Cautiously, I folded the newspaper and squeezed my way between the perfectly-polished car and the perfectly-pruned hedge. If they’ve gone on holiday, why is the car still here? I thought, with not-quite Sherlockian shrewdness.
And that’s when I head the growl from underneath the car.
And lo, the diabolic creature did sink its ghastly and unflossed teeth into the right calf of the unsuspecting young paperboy. “Vile miscreant!” yelled the lad, as he stumbled out of the driveway and onto the pavement, a geyser of blood exploding from his lower leg. Once, twice and even thrice did he try to kick the hound loose but – alas! – to no avail. The saliva-spewing hellbeast did lock its jaw and gnaw ever more fiercely on the hero’s lower leg, presumably in search of his marrowbone. For many days and nights this struggle betwixt boy and beast did continue until the hero – finding strength from some hitherto unchartered internal terrain – did raise his big orange bag of news and bring it crashing down on the muzzle of his cowardly assailant. The now slack-jawed beast released its awful grip, scuttled across the pavement and became entangle in the shrubbery of a nearby perfectly-pruned hedge. Seizing this opportunity, the lad unleashed a torrent of blows to the skull, spine and tail of the creature…
Or at least that’s how I told it to my schoolmates the next day. The truth, of course, was a bit more mundane. The Daily Mail readers’ dog did indeed hide under a car, bite my leg and refuse to let go. I did stumble out of the driveway and onto the footpath and tried to kick it loose.
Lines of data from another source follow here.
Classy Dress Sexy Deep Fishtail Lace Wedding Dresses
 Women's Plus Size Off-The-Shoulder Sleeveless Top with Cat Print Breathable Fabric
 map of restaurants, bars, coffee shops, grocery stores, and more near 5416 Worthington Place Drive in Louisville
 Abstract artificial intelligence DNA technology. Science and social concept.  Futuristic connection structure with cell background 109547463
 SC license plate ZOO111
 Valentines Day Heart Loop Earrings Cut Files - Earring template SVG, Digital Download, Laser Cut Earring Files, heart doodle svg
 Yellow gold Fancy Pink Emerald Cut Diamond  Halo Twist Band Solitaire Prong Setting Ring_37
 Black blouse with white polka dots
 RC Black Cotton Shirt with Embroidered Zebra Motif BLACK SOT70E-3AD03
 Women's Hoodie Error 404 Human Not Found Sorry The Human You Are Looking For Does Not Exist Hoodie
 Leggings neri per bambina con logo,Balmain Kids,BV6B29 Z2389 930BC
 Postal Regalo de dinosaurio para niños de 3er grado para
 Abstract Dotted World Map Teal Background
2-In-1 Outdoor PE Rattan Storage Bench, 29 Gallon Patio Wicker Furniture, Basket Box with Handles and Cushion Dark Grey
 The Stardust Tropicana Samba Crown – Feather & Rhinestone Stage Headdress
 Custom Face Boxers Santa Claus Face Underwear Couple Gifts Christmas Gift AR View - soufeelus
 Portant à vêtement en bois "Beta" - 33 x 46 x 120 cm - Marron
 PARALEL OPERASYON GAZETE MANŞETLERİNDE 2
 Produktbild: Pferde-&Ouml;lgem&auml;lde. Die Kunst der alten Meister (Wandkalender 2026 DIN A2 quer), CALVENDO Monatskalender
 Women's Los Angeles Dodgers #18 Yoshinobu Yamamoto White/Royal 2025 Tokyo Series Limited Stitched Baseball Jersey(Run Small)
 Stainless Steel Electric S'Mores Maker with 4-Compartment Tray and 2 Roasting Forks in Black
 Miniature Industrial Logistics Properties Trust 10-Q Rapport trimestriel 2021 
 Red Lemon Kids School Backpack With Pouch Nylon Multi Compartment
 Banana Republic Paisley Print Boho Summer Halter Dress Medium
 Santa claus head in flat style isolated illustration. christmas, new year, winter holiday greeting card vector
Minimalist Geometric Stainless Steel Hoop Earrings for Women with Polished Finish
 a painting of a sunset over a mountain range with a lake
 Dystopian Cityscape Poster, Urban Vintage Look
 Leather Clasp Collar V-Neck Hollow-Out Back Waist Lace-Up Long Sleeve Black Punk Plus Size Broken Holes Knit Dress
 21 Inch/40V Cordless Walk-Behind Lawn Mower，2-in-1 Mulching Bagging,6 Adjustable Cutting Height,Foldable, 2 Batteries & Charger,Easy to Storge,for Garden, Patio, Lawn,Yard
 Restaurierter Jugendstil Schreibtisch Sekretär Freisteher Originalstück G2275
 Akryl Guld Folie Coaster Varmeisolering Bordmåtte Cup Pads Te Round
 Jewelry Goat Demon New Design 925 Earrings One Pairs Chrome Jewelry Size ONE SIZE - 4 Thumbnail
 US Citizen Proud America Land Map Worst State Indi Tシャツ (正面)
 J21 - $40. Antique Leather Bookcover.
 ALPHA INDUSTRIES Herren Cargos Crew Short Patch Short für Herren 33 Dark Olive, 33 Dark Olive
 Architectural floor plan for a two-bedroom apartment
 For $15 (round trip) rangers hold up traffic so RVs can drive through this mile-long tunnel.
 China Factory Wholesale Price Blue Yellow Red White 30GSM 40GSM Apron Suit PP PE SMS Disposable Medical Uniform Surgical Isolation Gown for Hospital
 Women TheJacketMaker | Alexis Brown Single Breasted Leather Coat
I didn’t think of hitting it with my big orange bag of news, though, but did try to swat it loose with the rolled-up newspaper I was supposed to be delivering to its owner. At this exact point the dog’s owner came out of her house, saw me fighting with her dog and tried to brain me with the rolled-up newspaper that I’d delivered the previous day. Like I said, more mundane.
Eventually, the dog let go and I went on my way. That evening I had to go to my GP and get a tetanus jab and, as a result, missed an episode of Star Trek (a big deal for me at the time). Ever since then I’ve hated the Daily Mail.
Of course, I wasn’t aware of Pavlov back then.